- WORK ORDER: Exactly the lines from the line containing "panoramic apartment, river" through the final line of the entries below must be returned, and only those, without pictures.

### GIVEN RECORDS

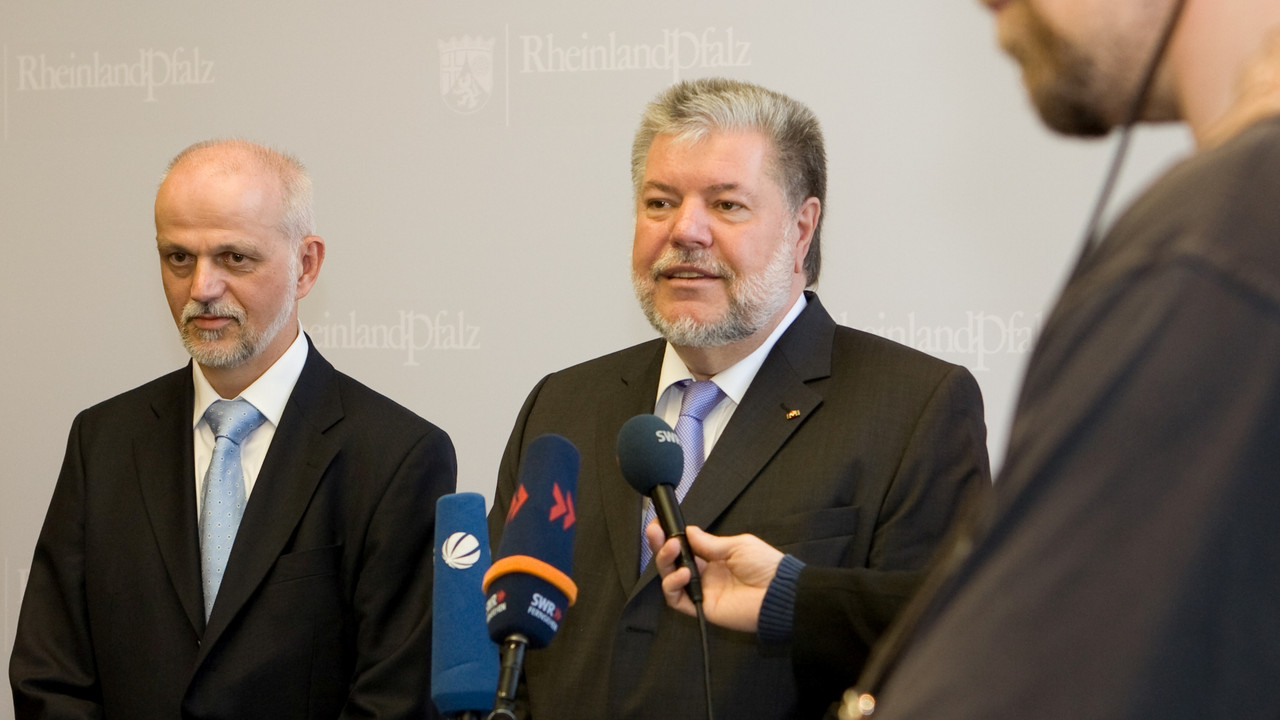 Ulrich Thöne, Bundesvorsitzender der GEW, und Ministerpräsident Kurt Beck; Bild: Pipprich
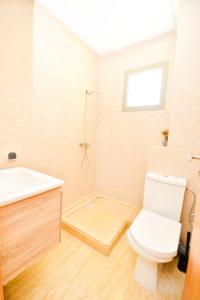 un bagno con un water e un lavandino di Modern Marina - Beach - Pool a Sidi Rahal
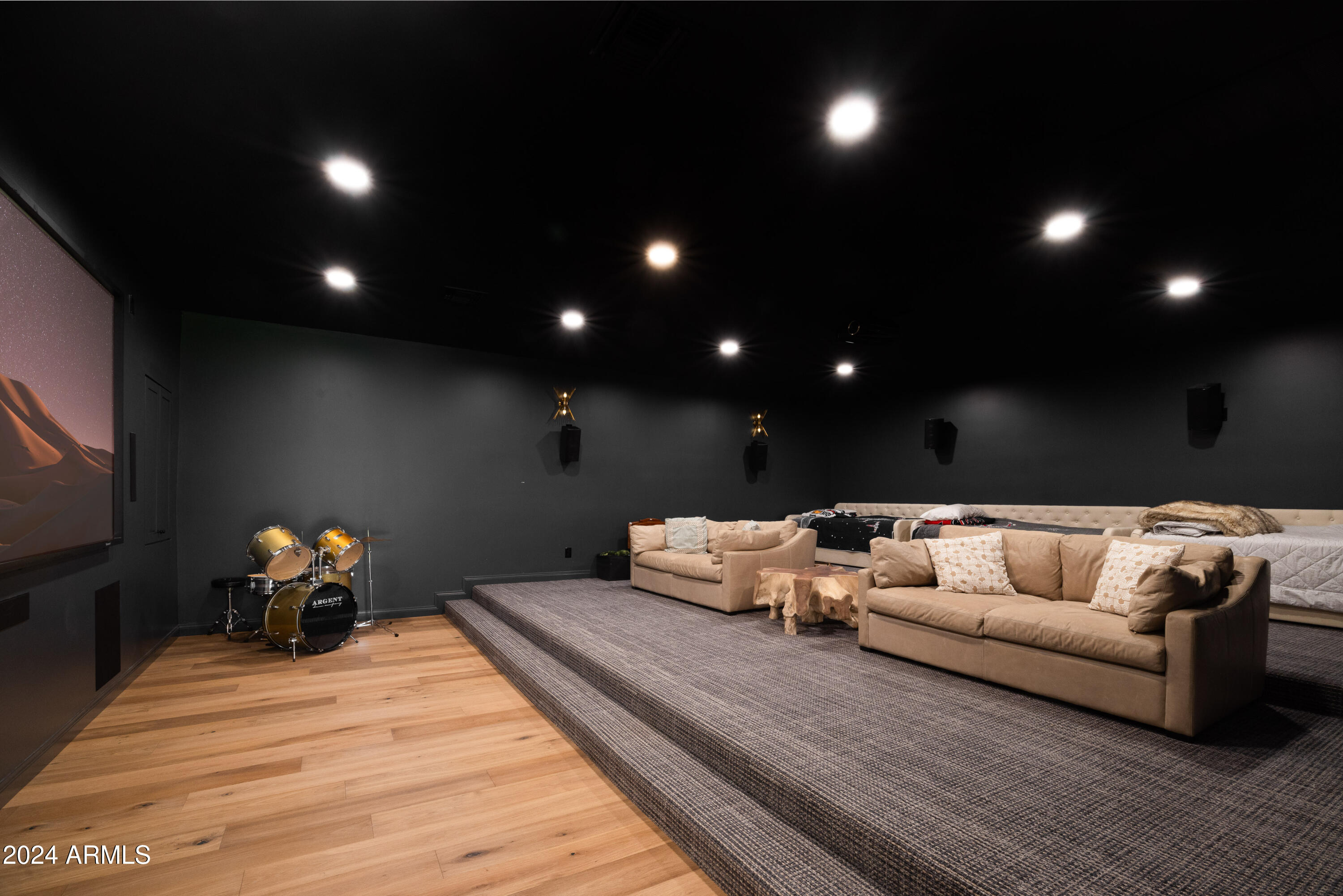 DOUBLETREE RANCHOS 2 - Residential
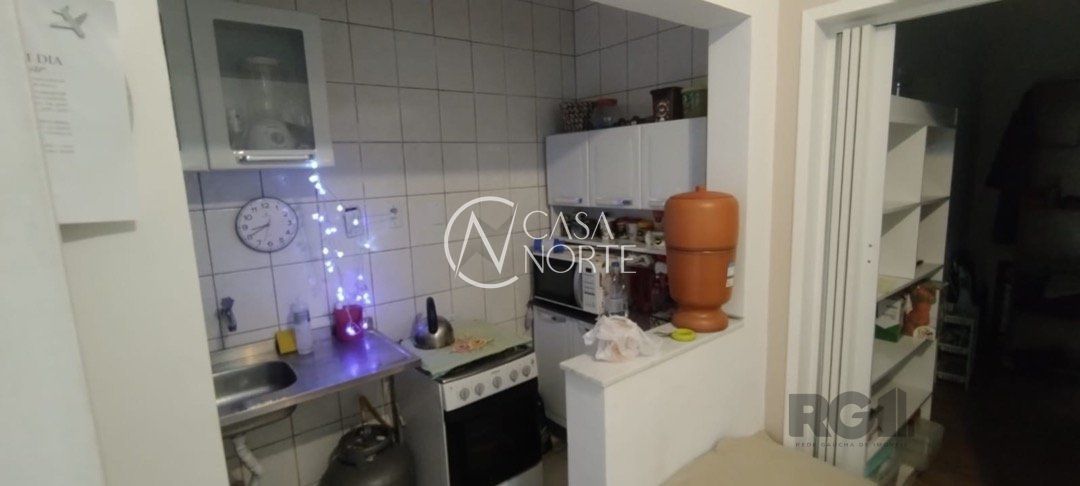 Apartamento à venda com 1 quarto, 35m², 1 suíte, Avenida Cristóvão Colombo no bairro Independência em Porto Alegre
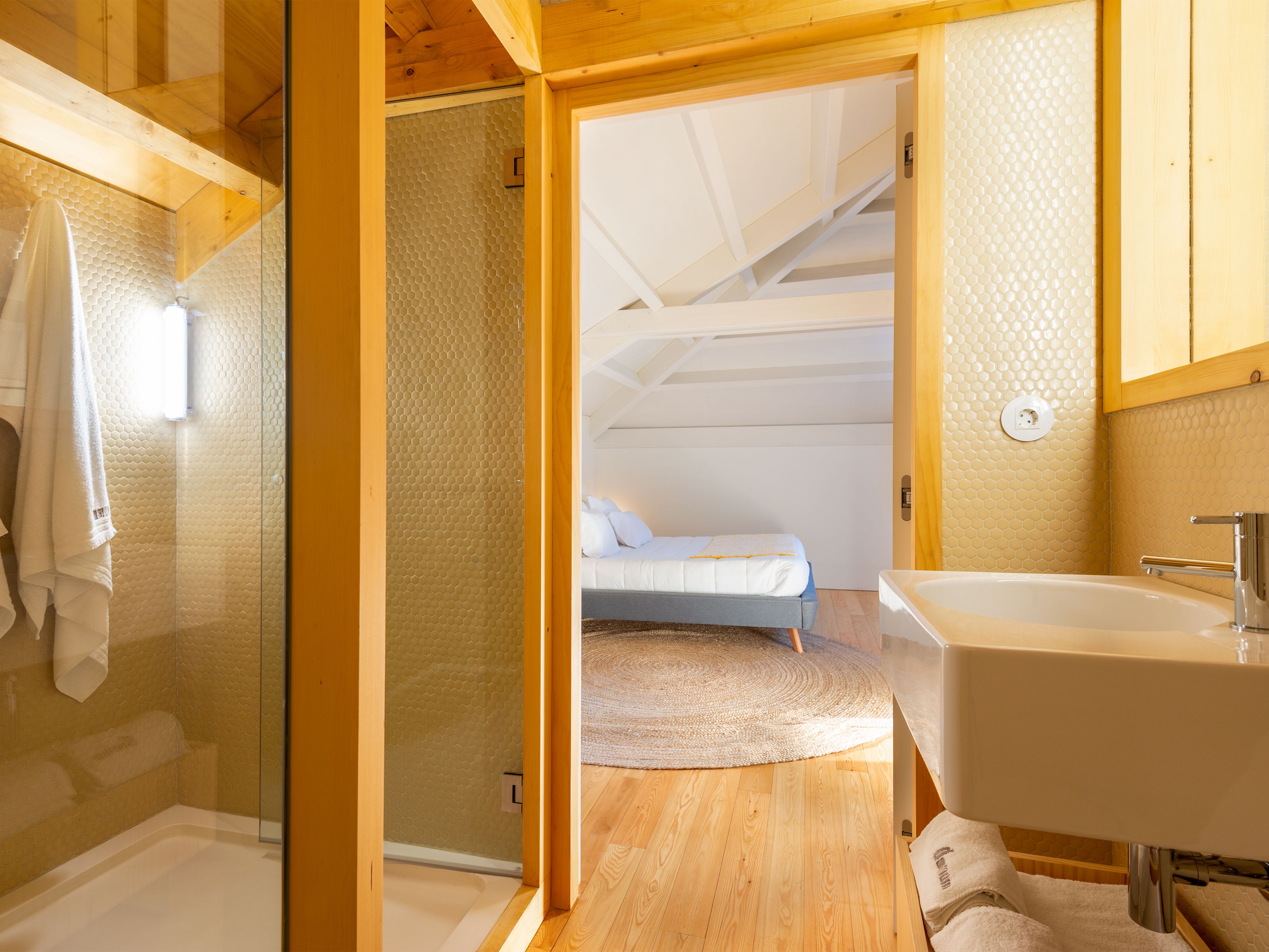 panoramic apartment, river view | bathroom | shower, free toiletries, hair dryer, slippers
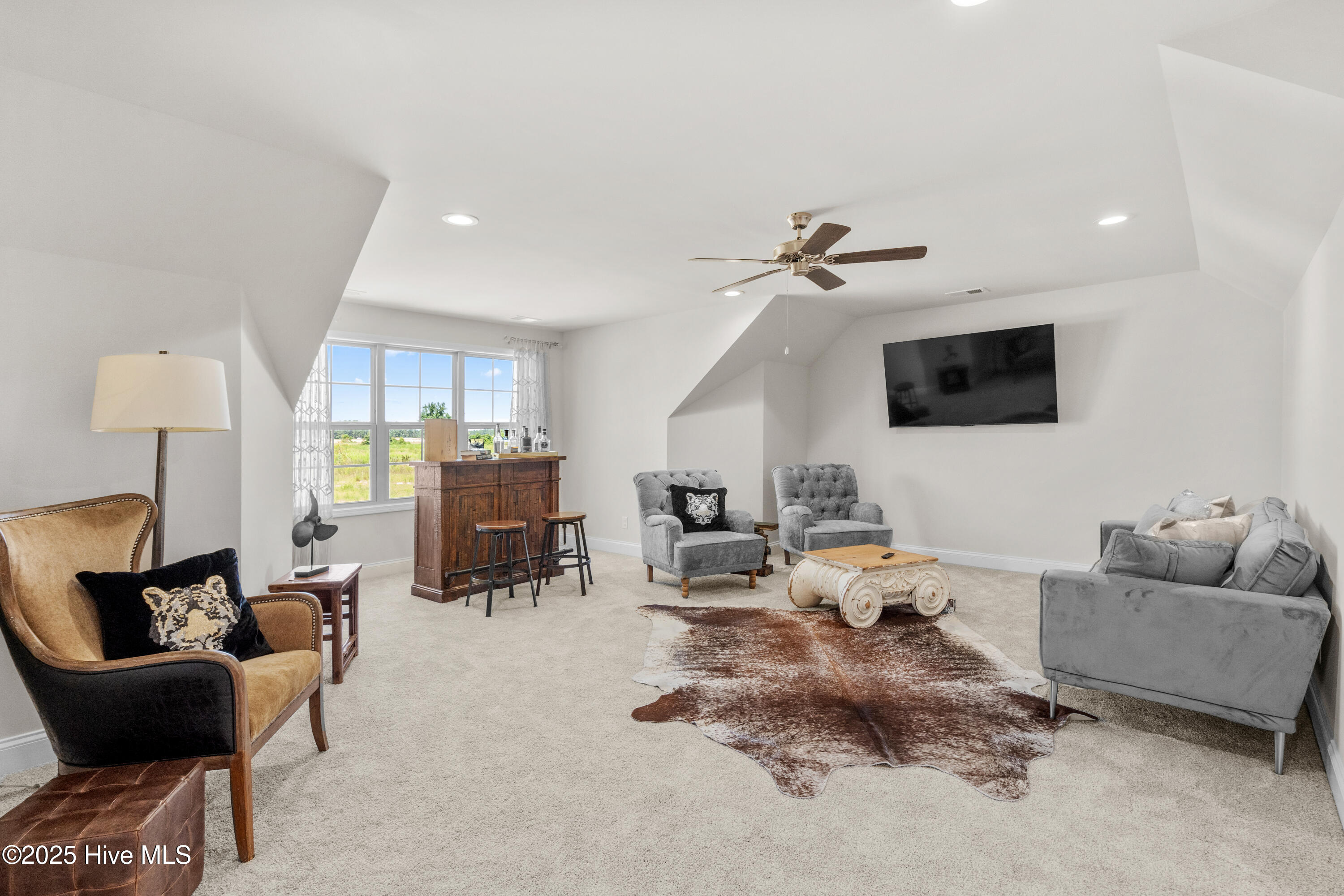 100496810 | Photo 40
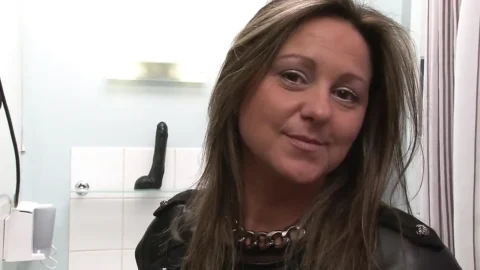 Amazing MILF Raquelita Enjoys Big Cock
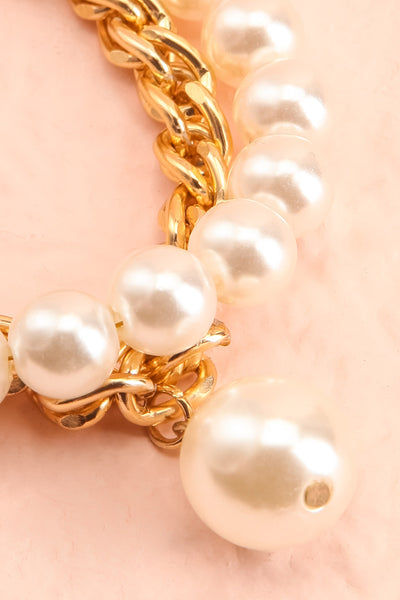 Saue Gold | Chain & Pearl Bracelets Set details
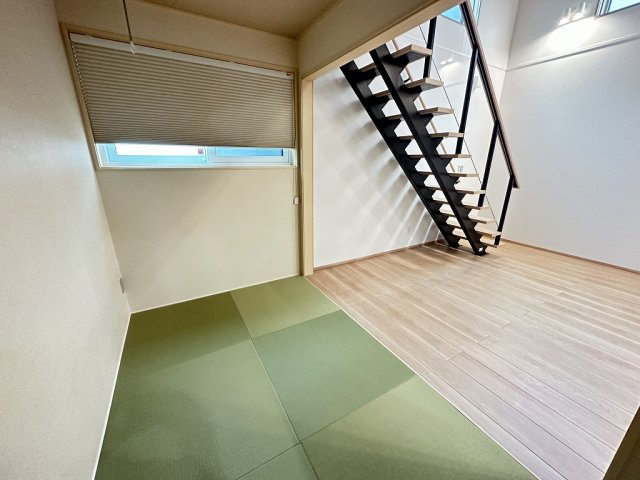 「築浅物件」「駅チカ」二見町西二見駅前　築1年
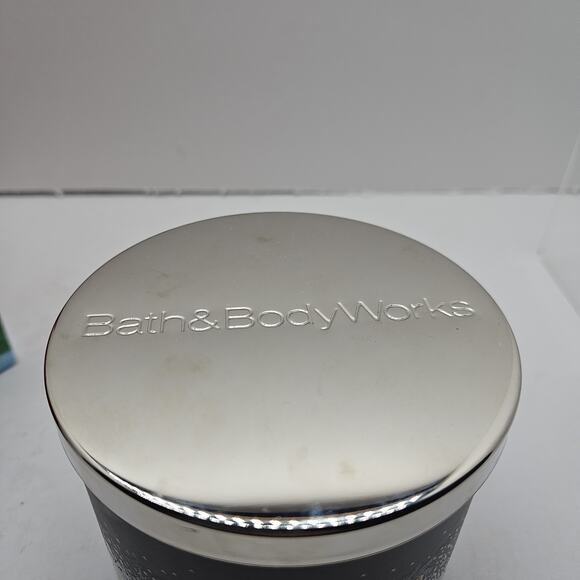 Bath & Body Works COOKIES WITH SANTA 3-Wick Candle Brand New 14.5 Oz - Picture 4 of 6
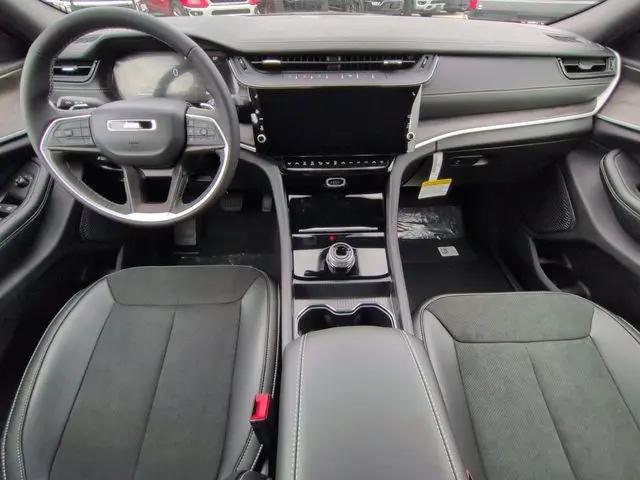 2026 Jeep Grand Cherokee Altitude 4x2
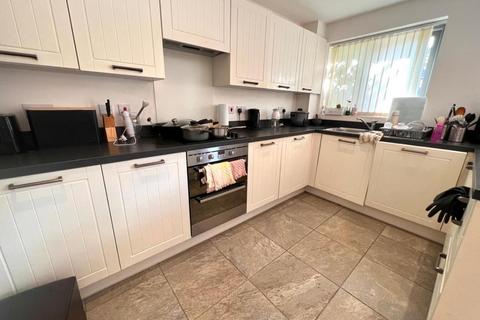 3 bedroom end of terrace house for sale, Saxon Lane, Upton, Northampton NN5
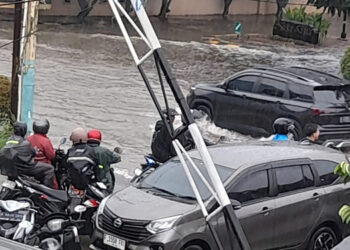 Hujan Deras Disertai Angin Kencang Sebabkan Banjir di Sejumlah Wilayah di Tangsel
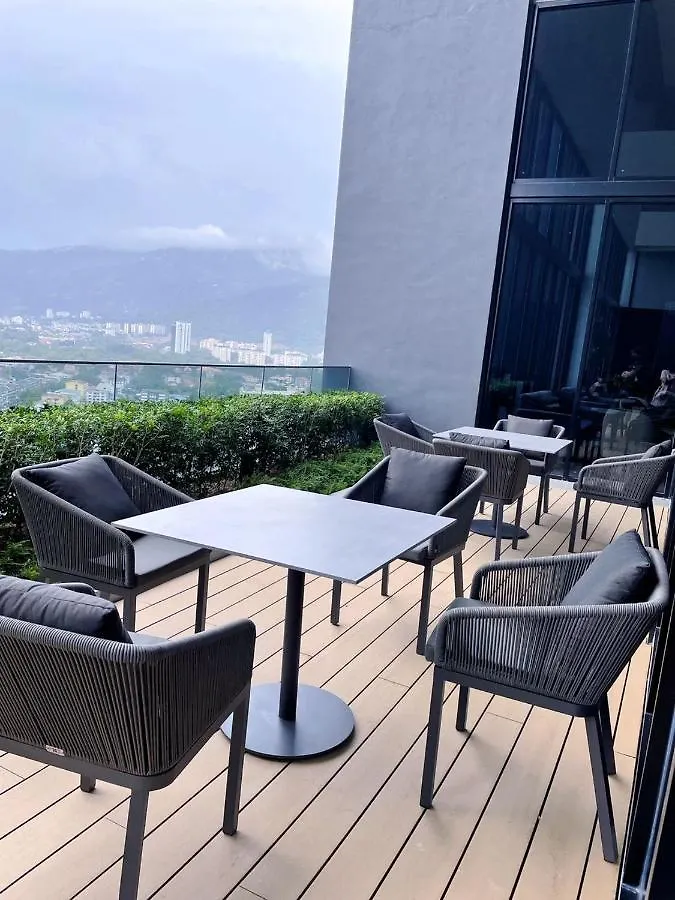2Br Georgetown Luxury Suite #Rooftoppool #Beacon Malaysia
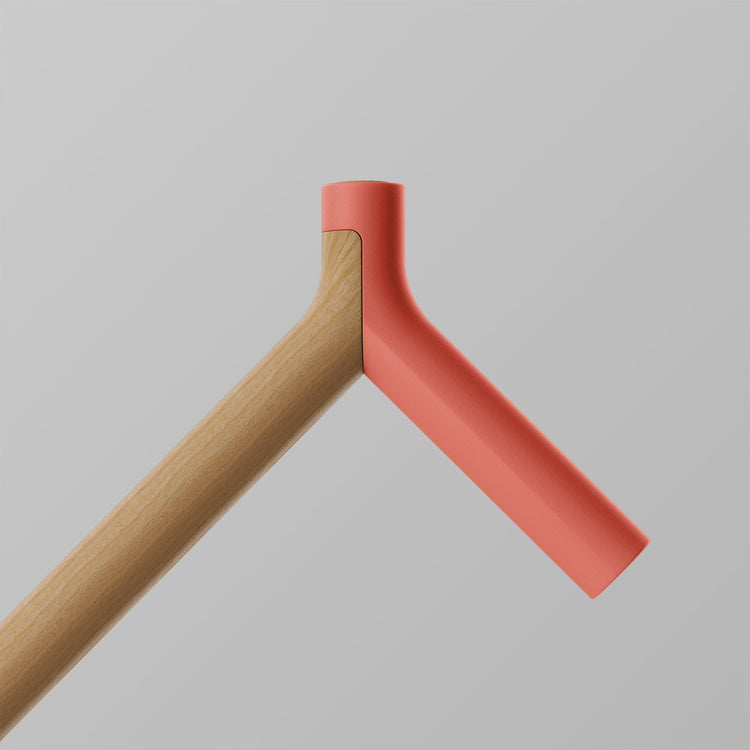 Uno. Coral and Oak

######

- RESULT OF THE EXERCISE:
 panoramic apartment, river view | bathroom | shower, free toiletries, hair dryer, slippers
 100496810 | Photo 40
 Amazing MILF Raquelita Enjoys Big Cock
 Saue Gold | Chain & Pearl Bracelets Set details
 「築浅物件」「駅チカ」二見町西二見駅前　築1年
 Bath & Body Works COOKIES WITH SANTA 3-Wick Candle Brand New 14.5 Oz - Picture 4 of 6
 2026 Jeep Grand Cherokee Altitude 4x2
 3 bedroom end of terrace house for sale, Saxon Lane, Upton, Northampton NN5
 Hujan Deras Disertai Angin Kencang Sebabkan Banjir di Sejumlah Wilayah di Tangsel
2Br Georgetown Luxury Suite #Rooftoppool #Beacon Malaysia
 Uno. Coral and Oak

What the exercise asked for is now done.